- _Data for review_
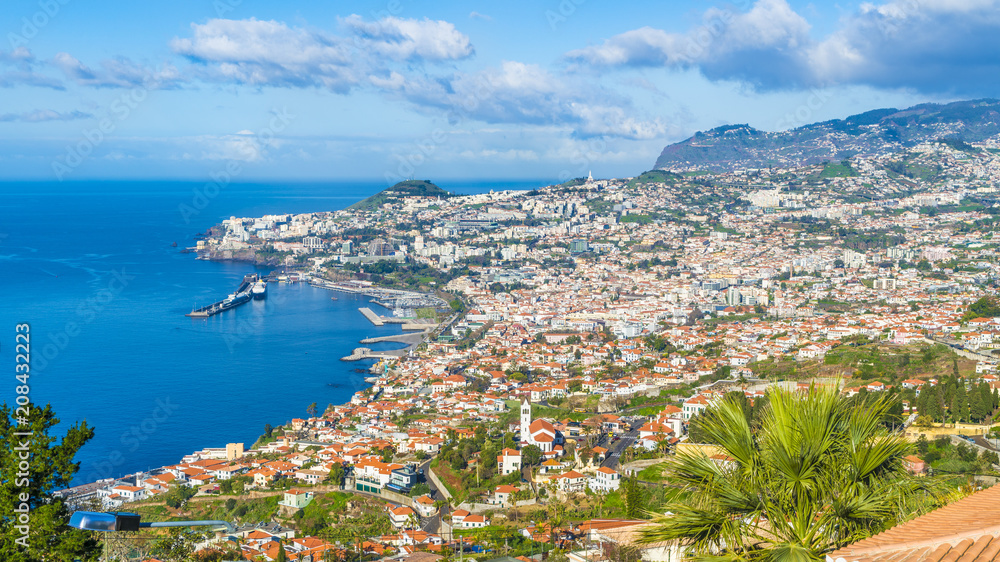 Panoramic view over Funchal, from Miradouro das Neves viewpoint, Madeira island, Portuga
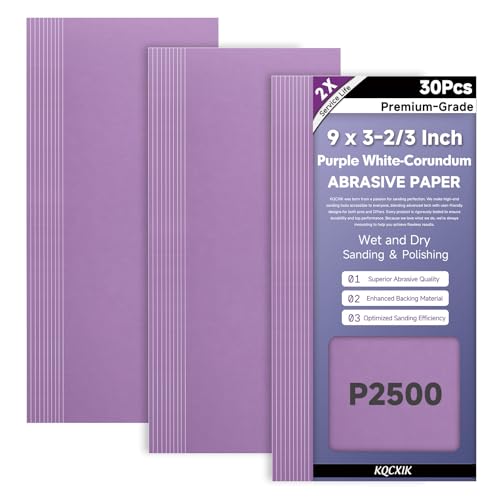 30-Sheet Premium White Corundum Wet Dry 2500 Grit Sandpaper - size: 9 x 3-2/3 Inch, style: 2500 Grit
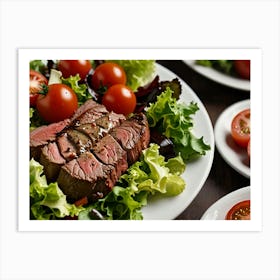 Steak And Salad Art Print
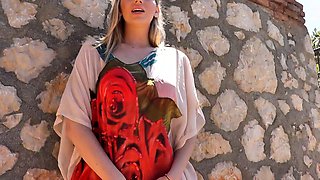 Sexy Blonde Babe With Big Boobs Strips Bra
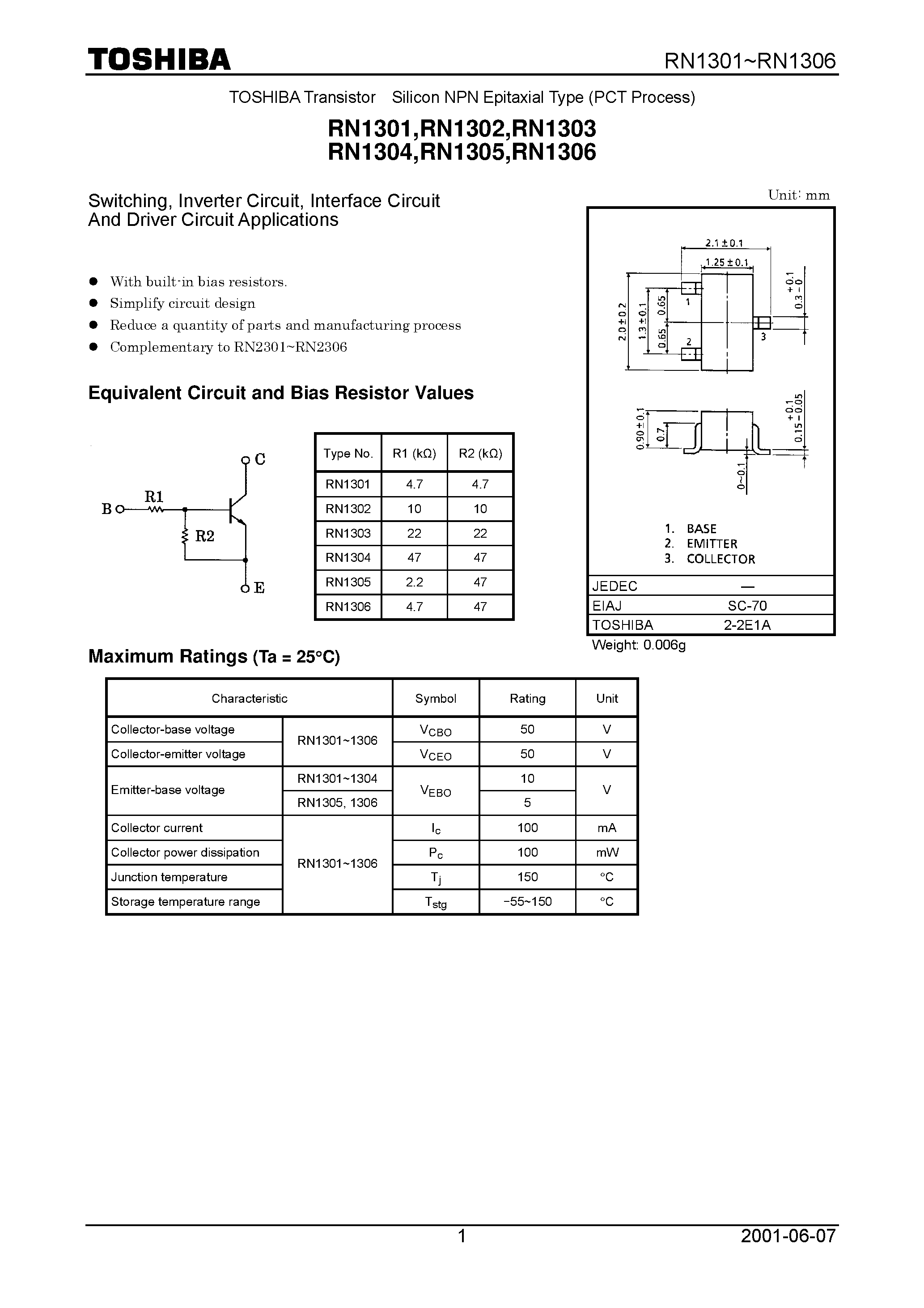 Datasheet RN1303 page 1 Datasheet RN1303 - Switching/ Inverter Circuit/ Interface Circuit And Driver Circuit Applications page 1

--

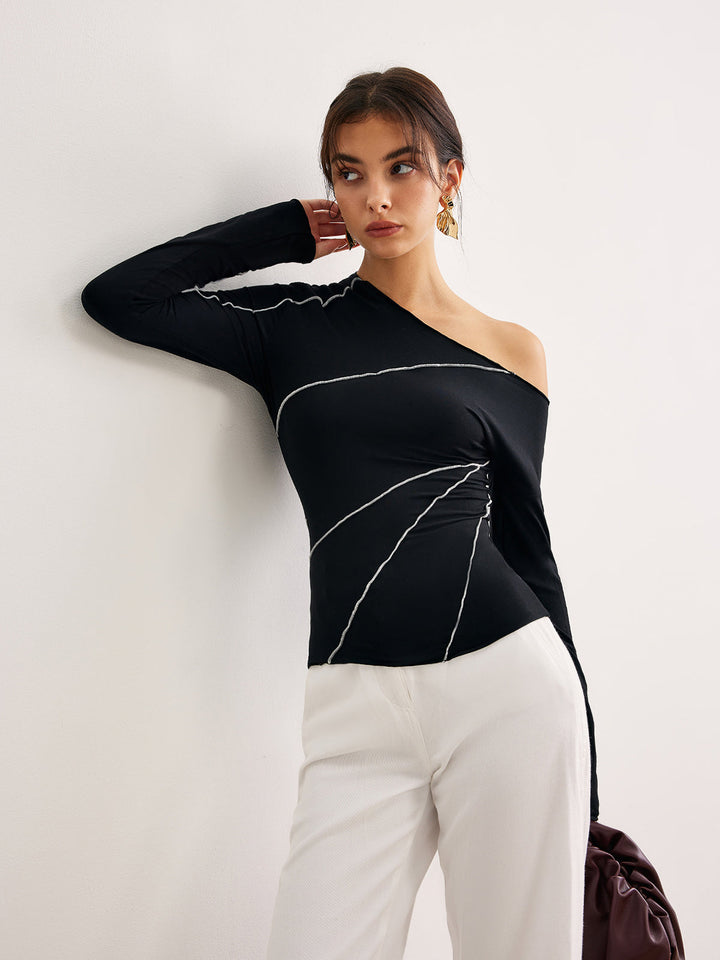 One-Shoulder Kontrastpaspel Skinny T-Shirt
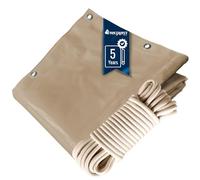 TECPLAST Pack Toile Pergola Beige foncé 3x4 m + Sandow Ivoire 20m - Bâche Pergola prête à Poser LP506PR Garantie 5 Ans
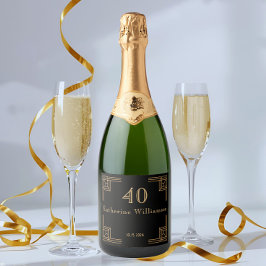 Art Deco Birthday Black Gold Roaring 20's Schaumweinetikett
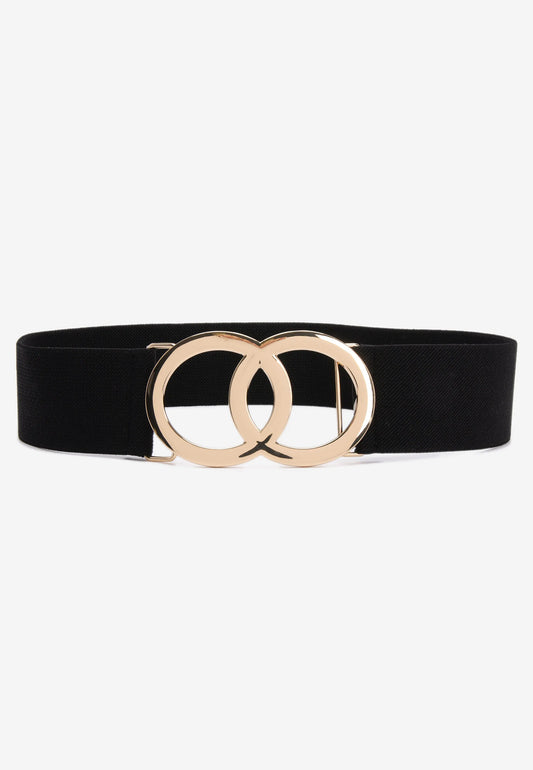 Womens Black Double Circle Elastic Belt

- _Brief_
Beginning with the line holding "Art Deco Birthday" in the material above, restate word for word each line through the line holding "Womens Black Double Circle Elastic Belt", and exclude pictures.

- _Solution_
 Art Deco Birthday Black Gold Roaring 20's Schaumweinetikett
 Womens Black Double Circle Elastic Belt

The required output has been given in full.